Question:

My question is one to do with the Big Bang.  The creationist argument is that everything that has a beginning needs a cause and since the Universe had a beginning it need a cause- God.  Since God did not have a beginning he did not need a cause.  However, quantum electrodynamics claims that subatomic particles can come into existence through a vacuum fluctuation.

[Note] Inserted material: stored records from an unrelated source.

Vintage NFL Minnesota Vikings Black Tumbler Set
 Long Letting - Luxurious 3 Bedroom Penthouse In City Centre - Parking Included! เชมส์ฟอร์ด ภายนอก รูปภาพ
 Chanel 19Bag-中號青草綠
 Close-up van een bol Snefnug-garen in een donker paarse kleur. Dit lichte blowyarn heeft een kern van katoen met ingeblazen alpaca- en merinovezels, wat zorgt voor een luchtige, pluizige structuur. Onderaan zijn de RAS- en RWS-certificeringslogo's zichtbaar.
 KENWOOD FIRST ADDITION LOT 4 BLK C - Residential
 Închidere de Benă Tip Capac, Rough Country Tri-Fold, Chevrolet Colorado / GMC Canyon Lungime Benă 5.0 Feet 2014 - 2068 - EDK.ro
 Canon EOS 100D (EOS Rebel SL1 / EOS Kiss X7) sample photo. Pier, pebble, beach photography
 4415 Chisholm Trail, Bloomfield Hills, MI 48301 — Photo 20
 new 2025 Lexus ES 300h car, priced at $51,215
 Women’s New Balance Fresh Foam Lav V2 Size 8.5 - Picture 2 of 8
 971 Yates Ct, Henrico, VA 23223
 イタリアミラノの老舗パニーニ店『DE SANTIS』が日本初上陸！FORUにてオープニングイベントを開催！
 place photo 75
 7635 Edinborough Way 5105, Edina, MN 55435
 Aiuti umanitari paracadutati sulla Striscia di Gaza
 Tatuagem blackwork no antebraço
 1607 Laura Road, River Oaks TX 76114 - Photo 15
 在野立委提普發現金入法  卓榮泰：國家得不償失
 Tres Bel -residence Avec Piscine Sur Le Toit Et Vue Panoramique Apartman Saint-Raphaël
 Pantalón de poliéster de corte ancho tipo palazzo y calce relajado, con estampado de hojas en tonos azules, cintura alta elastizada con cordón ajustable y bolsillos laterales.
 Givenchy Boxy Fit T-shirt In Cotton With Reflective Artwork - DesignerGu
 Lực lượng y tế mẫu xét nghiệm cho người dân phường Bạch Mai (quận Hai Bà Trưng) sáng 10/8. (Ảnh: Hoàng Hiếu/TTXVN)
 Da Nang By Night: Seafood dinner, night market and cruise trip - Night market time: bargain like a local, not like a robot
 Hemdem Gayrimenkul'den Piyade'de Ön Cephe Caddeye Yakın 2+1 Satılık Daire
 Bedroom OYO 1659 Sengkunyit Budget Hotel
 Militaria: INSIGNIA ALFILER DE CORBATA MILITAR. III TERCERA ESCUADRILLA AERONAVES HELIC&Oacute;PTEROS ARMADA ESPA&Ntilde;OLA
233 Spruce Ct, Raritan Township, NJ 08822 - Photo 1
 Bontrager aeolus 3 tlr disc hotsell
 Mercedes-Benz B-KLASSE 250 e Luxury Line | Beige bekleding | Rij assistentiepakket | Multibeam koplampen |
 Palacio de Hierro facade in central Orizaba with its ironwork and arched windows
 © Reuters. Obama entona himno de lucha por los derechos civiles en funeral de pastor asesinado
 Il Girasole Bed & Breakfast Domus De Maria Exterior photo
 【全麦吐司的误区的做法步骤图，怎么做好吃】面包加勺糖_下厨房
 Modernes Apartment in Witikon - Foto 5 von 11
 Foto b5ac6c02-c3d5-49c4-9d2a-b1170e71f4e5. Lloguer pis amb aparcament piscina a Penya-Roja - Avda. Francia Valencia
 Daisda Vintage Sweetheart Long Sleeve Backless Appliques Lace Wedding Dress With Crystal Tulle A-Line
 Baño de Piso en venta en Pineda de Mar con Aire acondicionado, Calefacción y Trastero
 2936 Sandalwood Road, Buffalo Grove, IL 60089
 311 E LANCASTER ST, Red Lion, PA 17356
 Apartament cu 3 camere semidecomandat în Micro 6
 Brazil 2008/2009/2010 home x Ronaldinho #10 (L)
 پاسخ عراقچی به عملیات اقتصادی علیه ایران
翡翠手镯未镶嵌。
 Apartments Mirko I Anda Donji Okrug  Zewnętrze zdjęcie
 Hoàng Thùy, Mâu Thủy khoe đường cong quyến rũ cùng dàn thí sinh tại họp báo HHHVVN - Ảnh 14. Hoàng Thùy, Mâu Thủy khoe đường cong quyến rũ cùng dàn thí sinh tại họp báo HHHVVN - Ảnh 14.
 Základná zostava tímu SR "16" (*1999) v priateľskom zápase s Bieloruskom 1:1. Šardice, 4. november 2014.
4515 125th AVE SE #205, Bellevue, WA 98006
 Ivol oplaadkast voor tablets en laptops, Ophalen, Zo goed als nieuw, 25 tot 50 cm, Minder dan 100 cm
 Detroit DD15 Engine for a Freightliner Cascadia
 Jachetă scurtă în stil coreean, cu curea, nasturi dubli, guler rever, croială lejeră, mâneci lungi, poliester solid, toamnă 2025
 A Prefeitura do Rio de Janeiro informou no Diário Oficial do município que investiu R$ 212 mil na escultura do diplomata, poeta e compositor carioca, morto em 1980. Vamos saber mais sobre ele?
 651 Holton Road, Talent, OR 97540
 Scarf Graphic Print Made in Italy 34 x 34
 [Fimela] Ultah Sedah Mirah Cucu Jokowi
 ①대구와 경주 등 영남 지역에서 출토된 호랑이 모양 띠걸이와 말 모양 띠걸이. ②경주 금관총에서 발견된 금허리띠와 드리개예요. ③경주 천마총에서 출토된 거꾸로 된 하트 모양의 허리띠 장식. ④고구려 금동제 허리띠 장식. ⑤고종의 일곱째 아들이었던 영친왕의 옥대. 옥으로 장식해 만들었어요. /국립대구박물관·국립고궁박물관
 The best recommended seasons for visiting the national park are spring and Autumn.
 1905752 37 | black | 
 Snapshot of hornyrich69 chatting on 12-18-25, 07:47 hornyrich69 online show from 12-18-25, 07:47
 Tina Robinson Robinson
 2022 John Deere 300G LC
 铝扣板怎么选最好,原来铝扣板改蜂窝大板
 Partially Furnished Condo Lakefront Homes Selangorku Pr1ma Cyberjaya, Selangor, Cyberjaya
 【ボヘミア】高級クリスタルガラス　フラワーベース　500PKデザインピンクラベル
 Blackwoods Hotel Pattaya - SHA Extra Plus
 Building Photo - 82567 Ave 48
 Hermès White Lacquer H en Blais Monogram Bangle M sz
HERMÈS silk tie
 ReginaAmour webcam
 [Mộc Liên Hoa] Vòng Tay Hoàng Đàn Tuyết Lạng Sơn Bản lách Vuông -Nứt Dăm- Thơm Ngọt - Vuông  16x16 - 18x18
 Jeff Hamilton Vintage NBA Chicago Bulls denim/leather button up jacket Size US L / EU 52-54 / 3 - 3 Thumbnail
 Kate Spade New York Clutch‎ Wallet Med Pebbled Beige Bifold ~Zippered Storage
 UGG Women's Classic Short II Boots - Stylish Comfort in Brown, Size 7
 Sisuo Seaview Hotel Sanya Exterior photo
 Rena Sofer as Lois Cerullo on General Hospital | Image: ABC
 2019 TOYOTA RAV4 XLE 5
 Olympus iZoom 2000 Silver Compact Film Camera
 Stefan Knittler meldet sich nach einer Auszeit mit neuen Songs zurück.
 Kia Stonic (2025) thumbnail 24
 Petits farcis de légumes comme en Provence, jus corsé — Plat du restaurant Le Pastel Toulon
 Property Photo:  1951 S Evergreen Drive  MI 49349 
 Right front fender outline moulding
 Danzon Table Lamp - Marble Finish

These particles have a beginning in time, but they have no cause because vacuum fluctuations are purely random events.  Couldn’t the universe have been created in a similar way?

Answer;
Could the universe be created out of nothing like quantum particles?   To be honest, this requires a lot of speculation.  We really do not know from a physical point of view "why" the universe came into existence.  However, to compare the random quantum fluctuations in an already existing universe to an entire universe coming into existence from literally nothing, is to stretch the analogy to ridiculously great extent.  It is true that physicists believe that elementary particles can be generated from the vacuum of space.  However, these elementary particles are created in an already existent universe which has the properties which allow these infinitesimally small particles to exist.  To extrapolate from the random fluctuations in an already existent universe creating a particle with a mass of ten to the minus thirty-one kilograms out to the creation of an entire universe with ten to the plus 31 kilograms of matter, and the simultaneous creation of four dimensional space from nothing is something which cannot be done by a reasonable person.  This is utter speculation, with not a shred of scientific experimental support.